■ **Exercise instructions**: Copy the records below line by line and word for word, from the very first line through the line with "Rallikrossi-EMV-I-etapp-Kulbilohu-2022-4904", omitting each picture.

■ **Extracted material**:
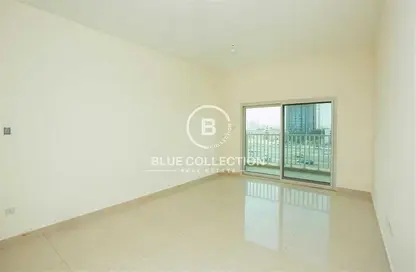 Apartment - 1 Bedroom - 2 Bathrooms for sale in Centrium Tower 1 - Centrium Towers - Dubai Production City (IMPZ) - Dubai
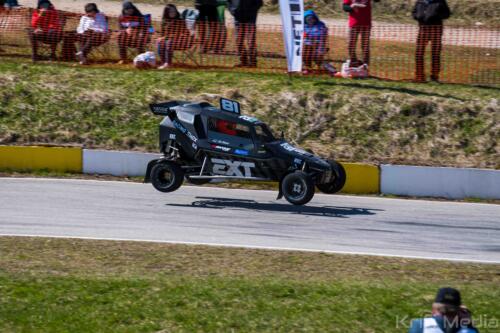Rallikrossi-EMV-I-etapp-Kulbilohu-2022-4904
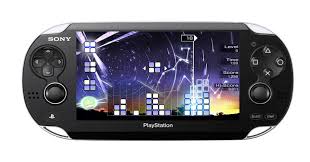 Macam yang aku cerita dekat posting sebelum ni, laptop aku ni ram kecil, video card pun takde. Game Populer Psp Lumines Hadir Di Android Ios Okezone Techno
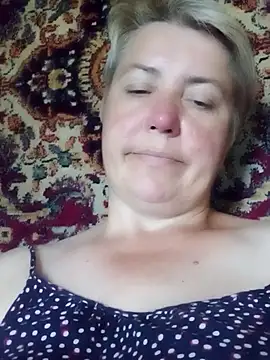 LilacBreath453 online show from 26, 7, 2026
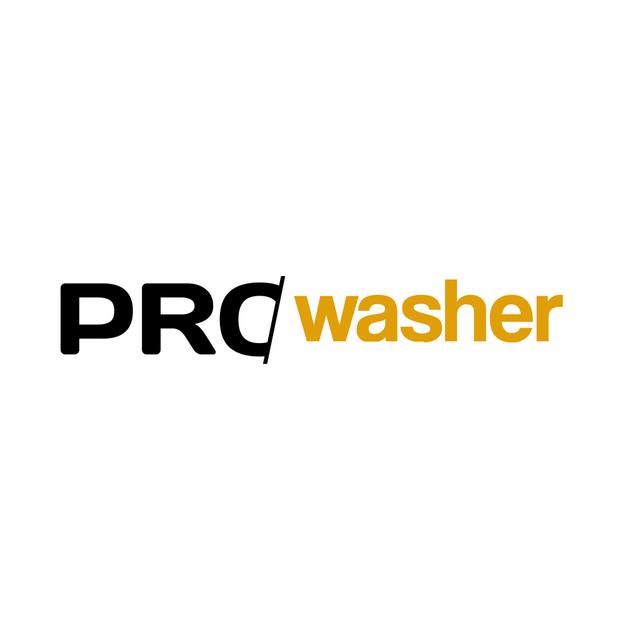 PROWASHER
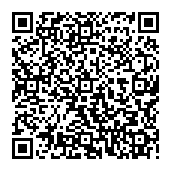 楊梅近台1合法挑高天車廠房廠辦倉庫出售-QR CODE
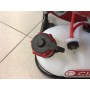 Atomizzatore Cifarelli M1200 a Spalla | Fershop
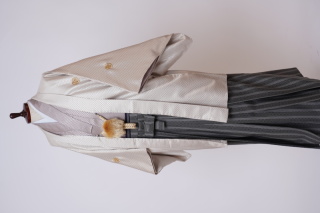 【アレンジ】08593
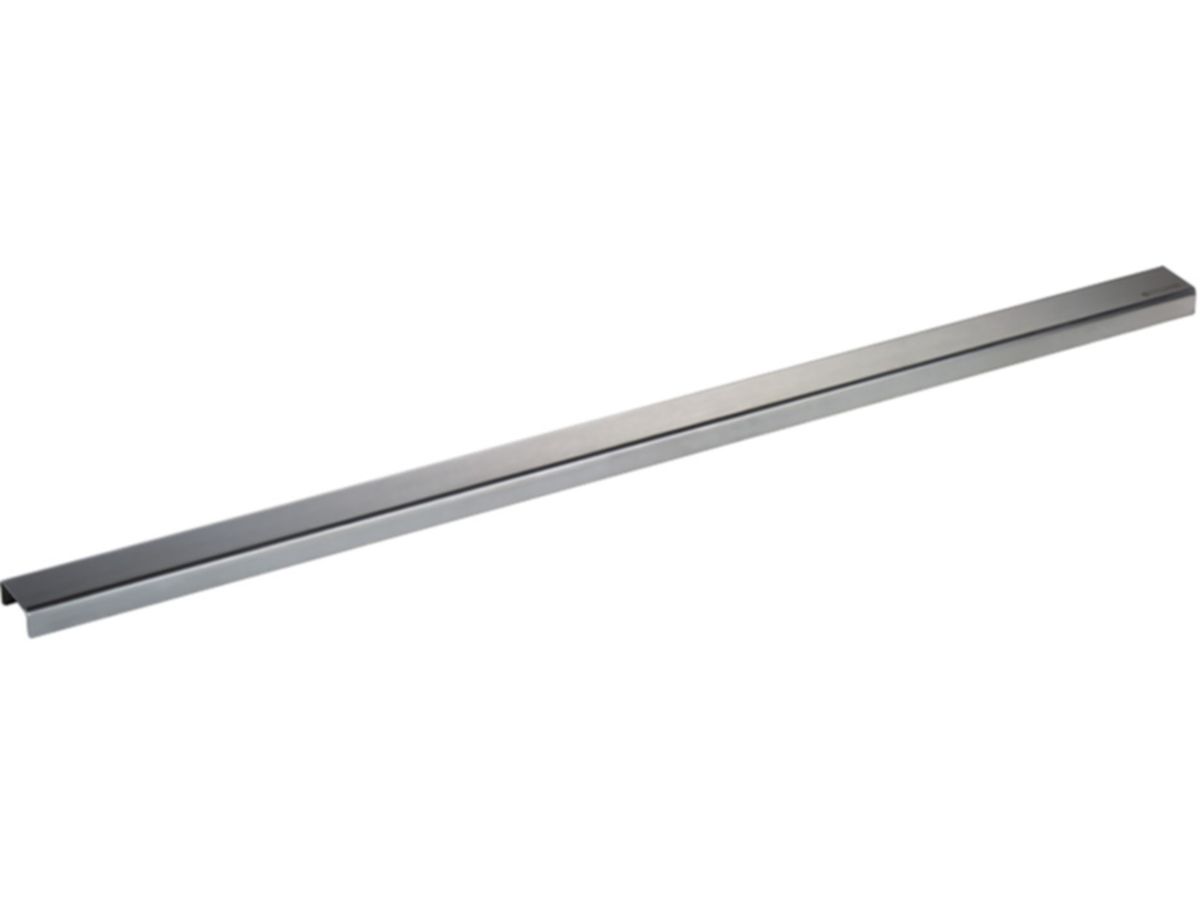 Abdeckung Aqua SwissLine Standard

■ **Solved exercise**:
 Apartment - 1 Bedroom - 2 Bathrooms for sale in Centrium Tower 1 - Centrium Towers - Dubai Production City (IMPZ) - Dubai
Rallikrossi-EMV-I-etapp-Kulbilohu-2022-4904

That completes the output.